細胞表面ビオチン化
Cell Surface Biotinylation (for MDCK cells)
用意するもの
- 12mm Transwell, polycarbonate Membrane (Costar Cat. No. 3401)
- PBS-CM : 1 mM MgCl2, 0.1 mM CaCl2 in PBS
- Sulfo-NHS-biotin : EZ-Link Sulfo-NHS-biotin (Pierce Prod. No. 21217)
stock solution (200 mg/ml in DMSO, -20℃保存)
使用時に0.5 mg/ml (stockを400倍希釈) in PBS-CMにし、すぐに使用。 - 50 mM NH4Cl in PBS
- 細胞(MDCK)を2×106 cells / Transwell upper chamberにまく
upper chamberに 0.7 ml、lower chamberに 1.5 mlのmedium
transwellは顕微鏡で観察できない。そこで、細胞の状態を観察するために24 well plateにもまいておく。
12mm Transwell upper chamberのgrowth areaは1cm2、24 well plateのgrowth areaは1.88cm2なので
2×106 cells×1.88 = 3.76×106 cellsまいて観察用とする - 4〜5days (confluent monolayerになるまで)
cold PBS-CMでリンス2回(membrane filterを傷つけないように注意) - freshly prepared Sulfo-NHS-biotin in PBS-CM (0.5 mg/ml)を加える
apical側からビオチン化
upper chamberに 0.7 mlの0.5 mg/ml Sulfo-NHS-biotin in PBS-CM
lower chamberに 1.5 ml のPBS-CM
basal側からビオチン化
upper chamberに 0.7 mlのPBS-CM
lower chamberに1.5 mlの0.5 mg/ml Sulfo-NHS-biotin in PBS-CM - 30 min on shaker in cold room
- upper chamber, lower chamberの溶液を捨て、新たな溶液に交換。

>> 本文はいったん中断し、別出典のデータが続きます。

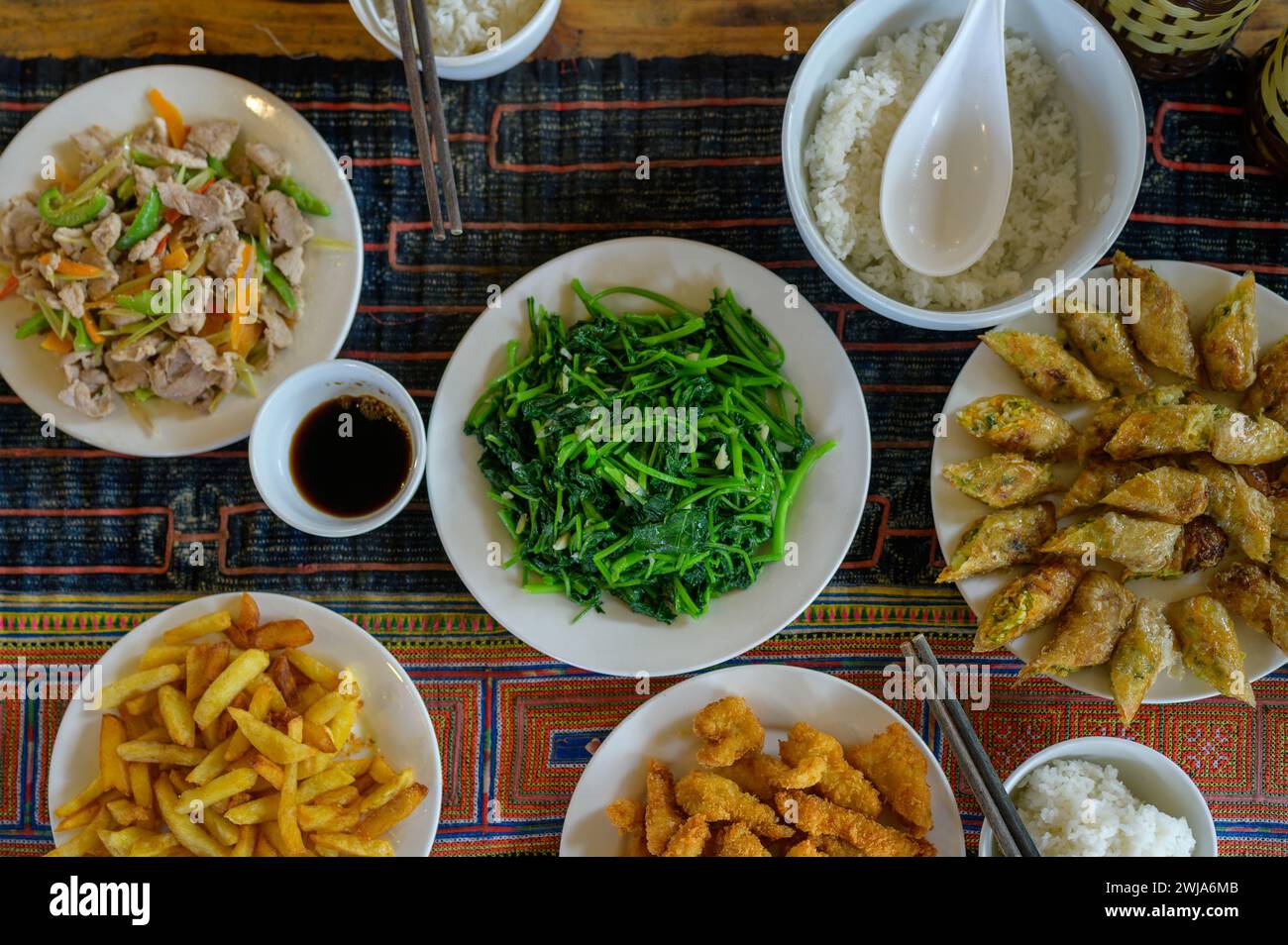 Dall'alto della deliziosa insalata di zuppa di patate fritte involtini primavera di riso serviti su tovaglie a scacchi nel ristorante Foto Stock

(ブルーチップで行う。membrane filterを傷つけないように注意。) - 30 min on shaker in cold room
- cold PBS-CMでリンス2回
- Quench reaction
Biotin solutionを除去し、1 ml 50 mM NH4Cl in PBSを加える - 10 min in cold room
- cold PBS-CMでリンス2回
- membrane filterをscalpelで切り出し、-20℃保存、もしくはすぐにextraction of biotinylated proteins にうつる
Extraction of biotinylated proteins
用意するもの
- Avidin-beads, immobilized on cross-linked 6% beaded agarose (Sigma A-9207)
- PBSでwashして50% (v/v) avidin-beads in PBSの状態で4℃分注保存
- Lysis buffer : 1% Triton X-100, 25 mM Tris-HCl pH 8.0, 100 mM NaCl
- Wash buffer : 0.5% Triton X-100, 25 mM Tris-HCl pH 8.0, 100 mM NaCl
- 切り出したmembrane filterを1.5 cc tubeに入れる
- add 200 ̄500 ml lysis buffer
- membrane ごとsonication 10 sec×6
- membrane filterを取り除いて、
- c.f.g 100,000×g (日立小型超遠心機、50,000 rpm), 15 min. , 4℃
- supernatant → origin 50 ml 保存
残り150 ml - add 20 ml 50% avidin-beads in PBS
- rotate on rotator in cold room for 3hrs 〜 overnight
- c.f.g 1500 rpm, 3 min, 4℃
- 上清を捨て、ビーズにlysis bufferを400 ml加える
- 9.〜10.×3回くり返す
- c.f.g 1500 rpm, 3 min, 4℃
- 上清を捨て、ビーズにlysis bufferを50μl 加える
3×laemlli bufferを25 μl 加える - SDS-PAGE
transfer
Western blot
Control としてanti-E-cadherin (Transduction mouse) 1:1000でblotする。